Top of Provided material

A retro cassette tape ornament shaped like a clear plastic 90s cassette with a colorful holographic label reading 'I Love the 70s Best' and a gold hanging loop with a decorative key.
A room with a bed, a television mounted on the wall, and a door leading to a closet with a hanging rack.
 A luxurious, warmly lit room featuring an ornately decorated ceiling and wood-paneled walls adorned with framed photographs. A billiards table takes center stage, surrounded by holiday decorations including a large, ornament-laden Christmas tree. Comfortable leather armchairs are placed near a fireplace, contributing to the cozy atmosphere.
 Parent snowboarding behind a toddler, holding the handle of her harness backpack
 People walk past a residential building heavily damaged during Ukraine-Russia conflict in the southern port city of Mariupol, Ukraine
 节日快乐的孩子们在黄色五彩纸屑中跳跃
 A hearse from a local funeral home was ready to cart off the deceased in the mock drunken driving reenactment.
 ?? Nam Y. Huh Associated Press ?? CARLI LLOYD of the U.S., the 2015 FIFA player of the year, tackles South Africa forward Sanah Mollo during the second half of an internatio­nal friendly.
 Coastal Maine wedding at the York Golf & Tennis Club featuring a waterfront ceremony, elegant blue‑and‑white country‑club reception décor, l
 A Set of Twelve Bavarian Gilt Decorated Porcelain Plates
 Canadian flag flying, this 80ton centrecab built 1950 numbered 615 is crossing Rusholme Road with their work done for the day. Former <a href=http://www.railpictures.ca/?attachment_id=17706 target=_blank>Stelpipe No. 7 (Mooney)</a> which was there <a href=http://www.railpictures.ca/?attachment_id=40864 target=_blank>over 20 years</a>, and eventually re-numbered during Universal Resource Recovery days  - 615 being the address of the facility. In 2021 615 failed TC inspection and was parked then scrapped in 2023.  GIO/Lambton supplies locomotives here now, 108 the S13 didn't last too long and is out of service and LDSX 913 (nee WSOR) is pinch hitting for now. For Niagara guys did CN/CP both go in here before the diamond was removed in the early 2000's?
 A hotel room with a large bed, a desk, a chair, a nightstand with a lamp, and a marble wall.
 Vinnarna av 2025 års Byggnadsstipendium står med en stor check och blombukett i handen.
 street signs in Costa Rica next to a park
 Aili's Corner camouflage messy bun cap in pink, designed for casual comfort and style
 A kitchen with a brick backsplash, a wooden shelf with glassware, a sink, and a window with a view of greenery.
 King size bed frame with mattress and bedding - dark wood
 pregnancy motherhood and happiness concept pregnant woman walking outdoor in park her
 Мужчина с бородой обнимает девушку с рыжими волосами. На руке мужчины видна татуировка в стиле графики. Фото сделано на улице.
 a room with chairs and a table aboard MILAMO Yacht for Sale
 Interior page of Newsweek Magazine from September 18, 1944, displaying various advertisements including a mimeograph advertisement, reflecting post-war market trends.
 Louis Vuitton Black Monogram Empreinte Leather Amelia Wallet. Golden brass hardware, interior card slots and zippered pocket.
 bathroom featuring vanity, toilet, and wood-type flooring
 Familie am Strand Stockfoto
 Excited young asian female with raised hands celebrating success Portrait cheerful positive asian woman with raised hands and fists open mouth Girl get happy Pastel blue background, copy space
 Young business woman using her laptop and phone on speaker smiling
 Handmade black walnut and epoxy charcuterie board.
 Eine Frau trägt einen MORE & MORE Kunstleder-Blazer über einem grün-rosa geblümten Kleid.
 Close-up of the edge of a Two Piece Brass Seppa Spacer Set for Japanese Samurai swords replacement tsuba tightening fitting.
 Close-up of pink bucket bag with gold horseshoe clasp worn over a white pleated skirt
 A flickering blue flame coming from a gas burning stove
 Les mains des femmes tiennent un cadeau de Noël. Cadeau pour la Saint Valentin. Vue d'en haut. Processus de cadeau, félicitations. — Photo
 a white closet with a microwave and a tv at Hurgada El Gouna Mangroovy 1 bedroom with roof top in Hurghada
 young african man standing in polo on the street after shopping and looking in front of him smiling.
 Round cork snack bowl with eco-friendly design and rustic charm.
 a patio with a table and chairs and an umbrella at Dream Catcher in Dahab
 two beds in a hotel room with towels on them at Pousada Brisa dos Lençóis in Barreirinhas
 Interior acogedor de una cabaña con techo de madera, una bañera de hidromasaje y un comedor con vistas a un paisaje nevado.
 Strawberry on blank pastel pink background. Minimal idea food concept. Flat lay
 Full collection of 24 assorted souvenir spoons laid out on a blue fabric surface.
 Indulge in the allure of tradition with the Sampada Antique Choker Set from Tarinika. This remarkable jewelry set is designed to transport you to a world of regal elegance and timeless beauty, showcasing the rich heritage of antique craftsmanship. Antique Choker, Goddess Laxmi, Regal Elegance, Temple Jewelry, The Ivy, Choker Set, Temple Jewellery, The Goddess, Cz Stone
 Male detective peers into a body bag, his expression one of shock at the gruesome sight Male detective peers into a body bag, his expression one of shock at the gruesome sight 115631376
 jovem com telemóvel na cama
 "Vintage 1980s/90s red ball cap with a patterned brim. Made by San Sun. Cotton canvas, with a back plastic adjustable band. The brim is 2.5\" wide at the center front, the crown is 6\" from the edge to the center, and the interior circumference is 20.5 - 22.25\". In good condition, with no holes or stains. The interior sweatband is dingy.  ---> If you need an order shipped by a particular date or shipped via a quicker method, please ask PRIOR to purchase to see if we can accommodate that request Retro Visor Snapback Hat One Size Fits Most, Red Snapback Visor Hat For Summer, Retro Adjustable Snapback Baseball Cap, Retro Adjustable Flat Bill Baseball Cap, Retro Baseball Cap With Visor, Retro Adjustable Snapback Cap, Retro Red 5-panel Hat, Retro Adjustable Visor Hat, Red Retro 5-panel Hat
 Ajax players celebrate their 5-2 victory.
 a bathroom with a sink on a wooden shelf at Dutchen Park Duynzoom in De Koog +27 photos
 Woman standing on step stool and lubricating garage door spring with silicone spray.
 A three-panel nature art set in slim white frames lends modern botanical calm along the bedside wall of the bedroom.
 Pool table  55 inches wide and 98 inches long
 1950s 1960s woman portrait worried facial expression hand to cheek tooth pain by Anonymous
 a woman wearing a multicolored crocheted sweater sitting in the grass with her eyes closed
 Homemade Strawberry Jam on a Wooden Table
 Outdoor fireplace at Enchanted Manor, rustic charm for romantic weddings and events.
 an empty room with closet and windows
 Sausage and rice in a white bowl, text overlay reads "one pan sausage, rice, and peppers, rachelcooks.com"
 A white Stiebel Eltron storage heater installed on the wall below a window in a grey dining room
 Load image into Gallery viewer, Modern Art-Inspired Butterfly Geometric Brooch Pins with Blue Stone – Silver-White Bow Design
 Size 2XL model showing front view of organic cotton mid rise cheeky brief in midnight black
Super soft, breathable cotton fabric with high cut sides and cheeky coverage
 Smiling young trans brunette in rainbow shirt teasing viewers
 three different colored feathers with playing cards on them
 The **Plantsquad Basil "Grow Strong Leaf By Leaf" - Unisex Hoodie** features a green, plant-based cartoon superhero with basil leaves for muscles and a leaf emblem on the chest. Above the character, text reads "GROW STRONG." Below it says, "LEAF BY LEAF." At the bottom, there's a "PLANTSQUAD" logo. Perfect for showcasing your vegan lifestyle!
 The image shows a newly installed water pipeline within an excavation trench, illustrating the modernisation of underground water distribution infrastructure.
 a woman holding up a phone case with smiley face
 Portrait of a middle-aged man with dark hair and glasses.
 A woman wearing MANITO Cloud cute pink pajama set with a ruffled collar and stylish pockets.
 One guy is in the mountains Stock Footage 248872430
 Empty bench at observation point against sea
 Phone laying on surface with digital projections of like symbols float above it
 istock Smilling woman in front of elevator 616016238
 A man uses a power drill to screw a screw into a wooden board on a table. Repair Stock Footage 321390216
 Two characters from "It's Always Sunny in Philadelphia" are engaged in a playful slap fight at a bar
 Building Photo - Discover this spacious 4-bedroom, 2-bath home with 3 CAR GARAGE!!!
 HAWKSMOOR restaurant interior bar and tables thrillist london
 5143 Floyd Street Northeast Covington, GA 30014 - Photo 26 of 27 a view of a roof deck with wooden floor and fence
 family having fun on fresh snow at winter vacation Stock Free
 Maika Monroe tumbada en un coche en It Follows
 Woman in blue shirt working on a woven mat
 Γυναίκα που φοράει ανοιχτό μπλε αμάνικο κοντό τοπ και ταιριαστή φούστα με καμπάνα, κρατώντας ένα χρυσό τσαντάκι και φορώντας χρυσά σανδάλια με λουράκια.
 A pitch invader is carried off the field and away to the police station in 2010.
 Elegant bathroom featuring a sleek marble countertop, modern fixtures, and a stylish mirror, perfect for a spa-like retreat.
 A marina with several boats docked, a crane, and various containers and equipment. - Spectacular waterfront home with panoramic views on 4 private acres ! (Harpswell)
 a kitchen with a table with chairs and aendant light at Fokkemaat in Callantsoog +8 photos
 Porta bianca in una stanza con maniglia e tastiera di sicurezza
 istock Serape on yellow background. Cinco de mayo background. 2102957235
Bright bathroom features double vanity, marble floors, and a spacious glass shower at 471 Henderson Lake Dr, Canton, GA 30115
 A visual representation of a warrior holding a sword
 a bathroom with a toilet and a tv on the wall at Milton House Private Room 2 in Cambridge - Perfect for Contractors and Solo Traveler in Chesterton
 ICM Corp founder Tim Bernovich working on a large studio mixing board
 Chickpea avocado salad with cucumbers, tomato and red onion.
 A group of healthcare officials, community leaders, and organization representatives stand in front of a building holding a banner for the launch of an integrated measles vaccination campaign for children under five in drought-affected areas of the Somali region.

Bottom of Provided material

__What to do__
Nothing beyond the line that contains "Coastal Maine wedding" belongs in the answer; reproduce the entries exactly from their first line through it.

__Problem solution__
A retro cassette tape ornament shaped like a clear plastic 90s cassette with a colorful holographic label reading 'I Love the 70s Best' and a gold hanging loop with a decorative key.
A room with a bed, a television mounted on the wall, and a door leading to a closet with a hanging rack.
 A luxurious, warmly lit room featuring an ornately decorated ceiling and wood-paneled walls adorned with framed photographs. A billiards table takes center stage, surrounded by holiday decorations including a large, ornament-laden Christmas tree. Comfortable leather armchairs are placed near a fireplace, contributing to the cozy atmosphere.
 Parent snowboarding behind a toddler, holding the handle of her harness backpack
 People walk past a residential building heavily damaged during Ukraine-Russia conflict in the southern port city of Mariupol, Ukraine
 节日快乐的孩子们在黄色五彩纸屑中跳跃
 A hearse from a local funeral home was ready to cart off the deceased in the mock drunken driving reenactment.
 ?? Nam Y. Huh Associated Press ?? CARLI LLOYD of the U.S., the 2015 FIFA player of the year, tackles South Africa forward Sanah Mollo during the second half of an internatio­nal friendly.
 Coastal Maine wedding at the York Golf & Tennis Club featuring a waterfront ceremony, elegant blue‑and‑white country‑club reception décor, l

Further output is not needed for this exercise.